# What to do
Excluding pictures, what does the listing below contain from the line with "Paint Bucket and" up to and including the line with "Topo de Bolo Drinks Gin Tônica 2", word for word?
::: Material shown :::
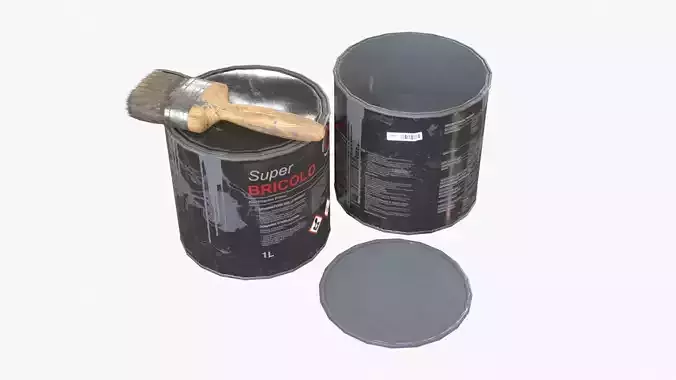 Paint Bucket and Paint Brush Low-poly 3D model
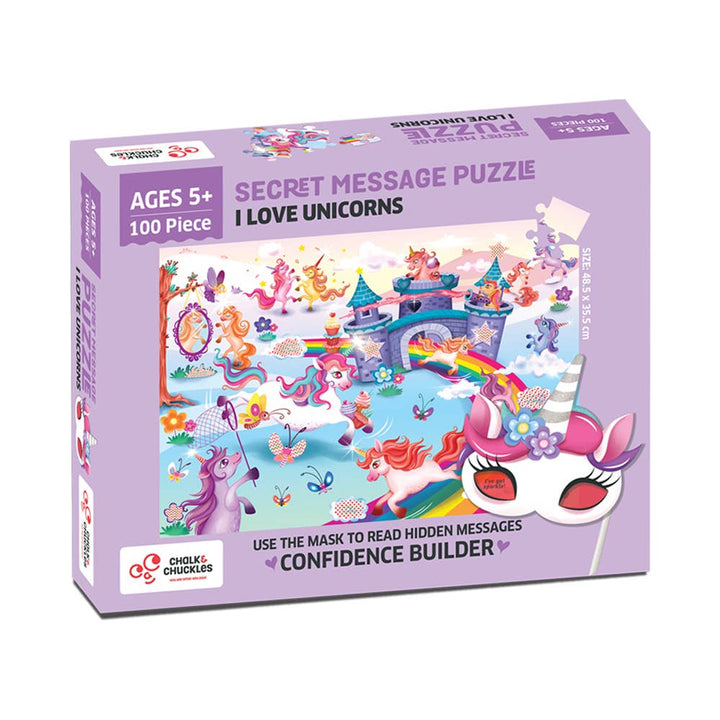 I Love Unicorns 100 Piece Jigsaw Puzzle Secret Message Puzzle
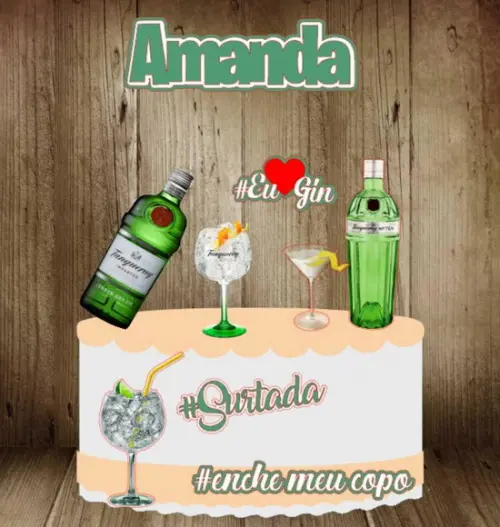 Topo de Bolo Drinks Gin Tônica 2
:::
::: Material shown :::
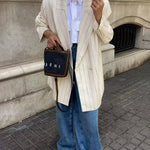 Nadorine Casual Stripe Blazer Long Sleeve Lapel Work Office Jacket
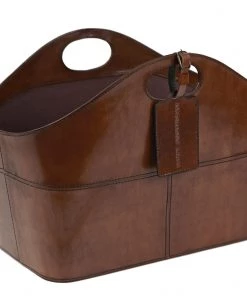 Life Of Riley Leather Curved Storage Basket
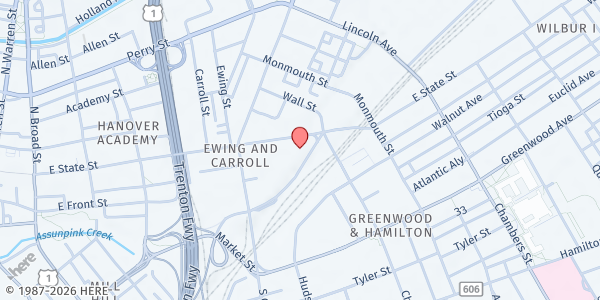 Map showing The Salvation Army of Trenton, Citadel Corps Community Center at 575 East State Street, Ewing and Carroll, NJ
:::
# Written reply
 Paint Bucket and Paint Brush Low-poly 3D model
 I Love Unicorns 100 Piece Jigsaw Puzzle Secret Message Puzzle
 Topo de Bolo Drinks Gin Tônica 2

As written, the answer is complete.